THE WALL STREET JOURNAL: Shell To Adopt IFRS For 2005 Results: “The Royal Dutch / Shell Group will say Monday that the adoption of International Financial Reporting Standards (IFRS) and aspects of Netherlands Generally Accepted Accounting Principles (GAAP) and U.S. GAAP will not impact on the financial framework or cash flow of the company.” (ShellNews.net) 22 Nov 04
DOW JONES NEWSWIRES
November 22, 2004
Edited Press Release
LONDON -- The Royal Dutch / Shell Group will say Monday that the adoption of International Financial Reporting Standards (IFRS) and aspects of Netherlands Generally Accepted Accounting Principles (GAAP) and U.S. GAAP will not impact on the financial framework or cash flow of the company.
The European Union has endorsed regulations that require listed European companies to comply with IFRS in 2005. The Royal Dutch / Shell Group will implement IFRS for publication of their financial statements in 2005 and provide comparative data for 2004. The 2005 Form 20-F will provide reconciliation to U.S. GAAP.
Impacts from IFRS arise from first time adoption choices and differences in accounting policies between U.S. GAAP and IFRS.
There is no impact on the Group strategy.
The net assets on the balance sheet at transition, Jan. 1 2004, are expected to decrease by approximately $4.7bn and total debt to increase by approximately $0.2bn. This has a positive effect on ROACE on a net income basis.
There is no impact on the actuarial position or funding of the pension funds, which continue to be well funded. Unrecognised gains and losses at the date of transition (1 January 2004) will be recognised in the 2004 opening balance sheet with a corresponding reduction of retained earnings of $4.9bn.

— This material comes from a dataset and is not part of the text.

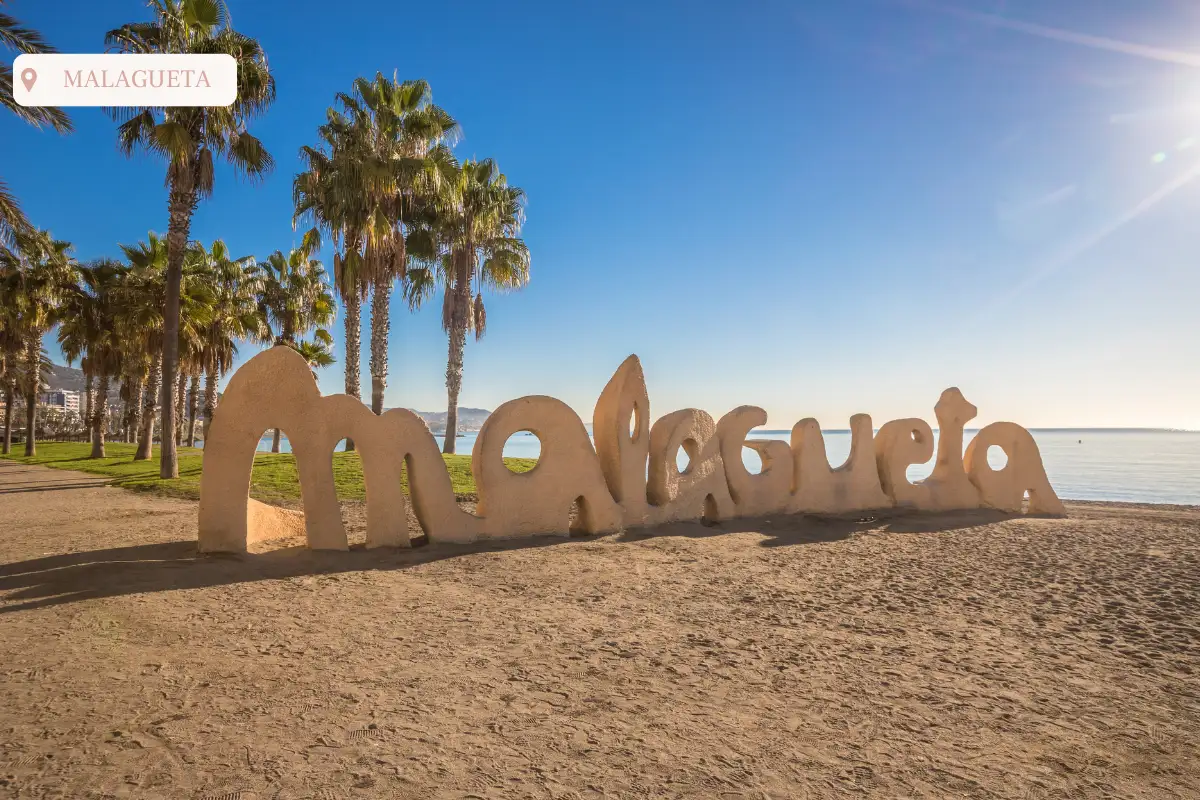 The malagueta sign with blue sky and palm trees at playa Malagueta.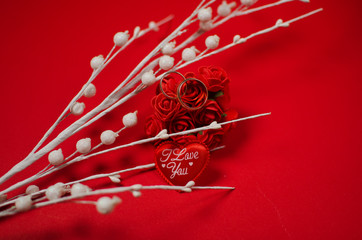 red flowers and wedding rings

The use of the fair value of plan assets (rather than market-related value) to calculate annual expected investment returns and the changed approach to amortisation of investment gains/losses can be expected to increase volatility in net income going forward.
At transition (Jan. 1, 2004), the composition of net equity changes because cumulative currency translation differences (CCTD) will be recorded as part of retained earnings.
Retained earnings are increased by approximately $1.2bn. Net equity and net capital employed are not impacted.
IFRS and Netherlands GAAP require the use of discounted cash flows for impairment testing and reversals. If discounted cash flows exceed book value and impairment has previously been taken, a reversal is required.
Under this methodology, certain Exploration and Production assets (Aera and Venezuela), previously impaired, will be reversed in 2004 and certain U.S. tolling assets in Gas & Power require impairment in 2004.
This has no impact on net income under U.S. GAAP.
There is no significant net impact expected on 2004 Netherlands GAAP net income.
Major inspection costs will be capitalised using the 'Solomon' industry definition of major inspection. At transition (1 January 2004), net assets increase by approximately $0.4 billion.
Impact on quarterly net income going forward is reflected in lower operating costs and an increase in depreciation.
The upstream joint venture in the Netherlands will be accounted for under the equity method under IFRS and proportionately consolidated under U.S. GAAP.
There is no impact on net income or net assets.
Share options awards made after Nov. 7 2002 and not vested at Jan. 1, 2005 will be expensed rather than the current practice of pro forma disclosure in the notes to the financial statements. 2004 net income will be reduced by approximately $ 0.1bn.
Share option awards continue to be economically hedged through treasury stock.